Three years after defaulting on its foreign debt, Zambia finds itself mired in a protracted and challenging negotiation process with its creditors.
This financial quagmire has left the southern African nation in a state of development finance limbo, hindering its ability to raise essential funds for job creation, infrastructure development, and the provision of crucial services such as health and education, all while grappling with the impacts of climate change.
President Hakainde Hichilema has sounded the alarm, warning that this situation poses a serious threat to Zambia’s democracy. Despite concerted efforts, Zambia has faced obstacles in reaching a comprehensive agreement with its creditors. The country serves as a test case for the Common Framework established by the G20 international forum in November 2020 to address the debts of low-income countries. Unfortunately, Zambia’s experience exposes the shortcomings of the Common Framework, as it has struggled to deliver the expected results.
The International Monetary Fund (IMF), tasked with assisting countries in economic distress, has been limited in its ability to leverage the necessary resources and bargaining power to compel other creditors to engage in a sustainable debt deal with Zambia.
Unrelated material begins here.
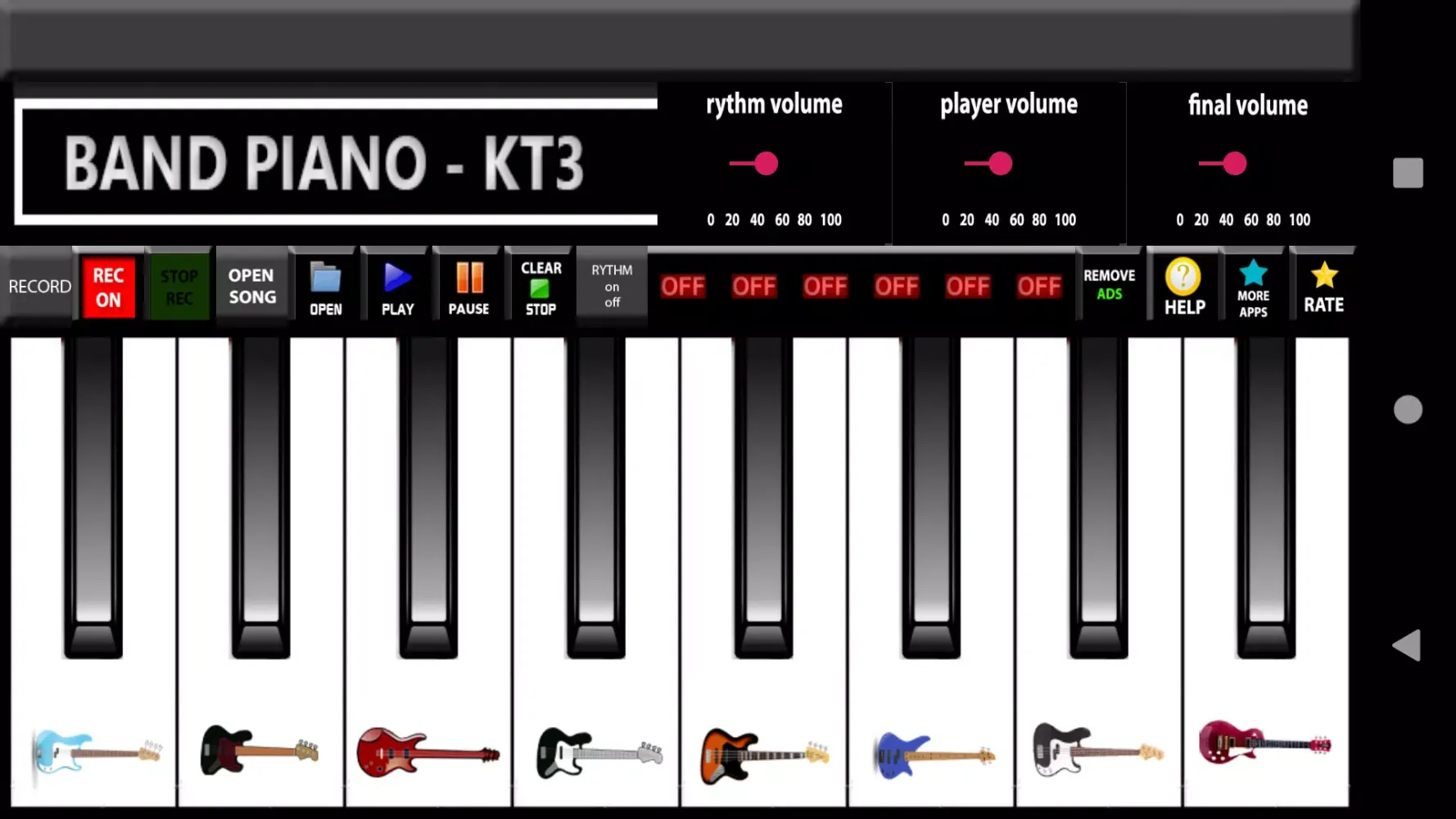 Capturas de pantalla de Band piano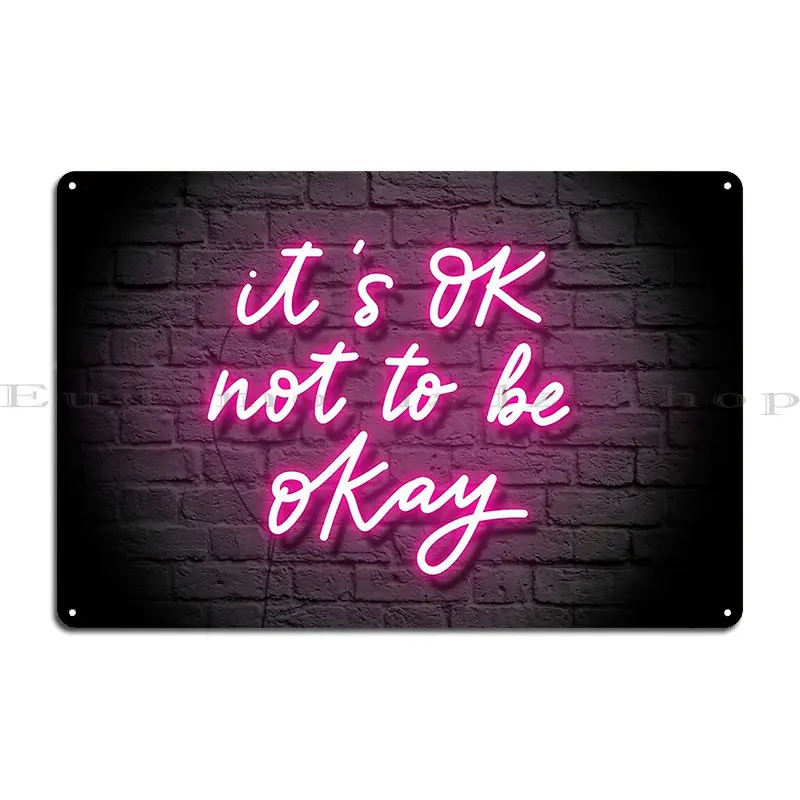It S Ok Not To Be Okay Neon Li - огляд і ціна Ok Lighting Decor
The IMF’s contribution of US$1.3 billion over three years falls significantly short of Zambia’s financing gap of US$8.4 billion. Moreover, the conditions attached to the financing present tough choices and require sacrifices from the Zambian government and its people.
Zambia’s official creditors, organized into a committee chaired by China and France, have moved slowly, seemingly prioritizing agreements aligned with their geo-strategic interests rather than prioritizing Zambia’s best interests. In June 2023, an agreement on a common template for all official creditors was reached. However, the process of individual creditors reaching binding agreements with Zambia based on this template remains a work in progress.
In October 2023, Zambia announced an agreement with the holders of its US$3 billion worth of Eurobonds. While these creditors, with Zambia’s approval, claimed to be making a comparable contribution to the official creditors in resolving Zambia’s debt crisis, their deal faced rejection in November.
Zambia’s official creditors and independent experts argued that the commercial creditors were receiving more favorable treatment, resulting in a discrepancy of approximately 20 cents more for each dollar of outstanding debt compared to the official creditors. This setback means Zambia and its bondholders must now return to the negotiation table.
The current approach to sovereign debt restructuring is proving ineffective for Zambia and its people. There is a pressing need for a new approach that respects Zambia’s legal commitments to its creditors while prioritizing a sustainable and fair resolution to its debt crisis. As the global community grapples with the complexities of debt restructuring, Zambia’s case underscores the urgency of re-evaluating and reforming international frameworks to better serve the interests of indebted nations seeking a path to financial recovery.
Key Actions That Zambia Should Consider
Zambia should explicitly state its goal of achieving an optimal outcome to its debt crisis. This optimal outcome should consider the circumstances of all parties involved, taking into account economic, financial, environmental, social, human rights, and governance benefits. Emphasizing the need for monitoring the implementation of this outcome will ensure accountability.
By framing the negotiations in terms of optimal outcomes, Zambia challenges creditors to align restructuring terms with sustainable development goals and climate commitments. Zambia can leverage this position to negotiate terms that not only address its debt obligations but also contribute to broader national development objectives.
Zambia should publicly assert its commitment to fulfilling contractual obligations while emphasizing the importance of meeting Sustainable Development Goals (SDGs) and nationally determined contributions under climate agreements.
This strategic move forces creditors, especially official ones, to demonstrate how its proposed restructuring terms align with these global commitments. By holding creditors accountable to their expressed support for SDGs and human rights, Zambia can create a platform for transparent discussions that consider the broader implications of the debt restructuring process.
Zambia can leverage civil society organizations and international allies to engage with creditors through the designated national contact points under the OECD Guidelines. These contact points, present in many of Zambia’s official creditor countries, can facilitate dialogue between civil society, creditors, and the Zambian government.
By proposing discussions on how creditors can contribute to an optimal outcome, civil society can play a vital role in holding creditors accountable to international guidelines and principles, fostering transparency, and ensuring that the debt restructuring process considers social and human rights impacts.
Zambia should propose a consolidated negotiation forum where all creditors, including official creditors and bondholders, come together to discuss and make a comprehensive agreement addressing all debt obligations. While this may complicate negotiations, it enhances transparency and ensures comparable treatment for all creditors.
By bringing all stakeholders to the table simultaneously, Zambia can demand that creditors consider not only their contractual rights but also Zambia’s legal obligations to public servants, pensioners, international treaties, and constitutional commitments. This consolidated approach provides a holistic framework for negotiating a fair and sustainable debt resolution.
In navigating these strategies, Zambia can strengthen its position, ensuring that the debt restructuring process goes beyond immediate financial concerns and addresses the broader socio-economic and environmental goals crucial for the country’s long-term development.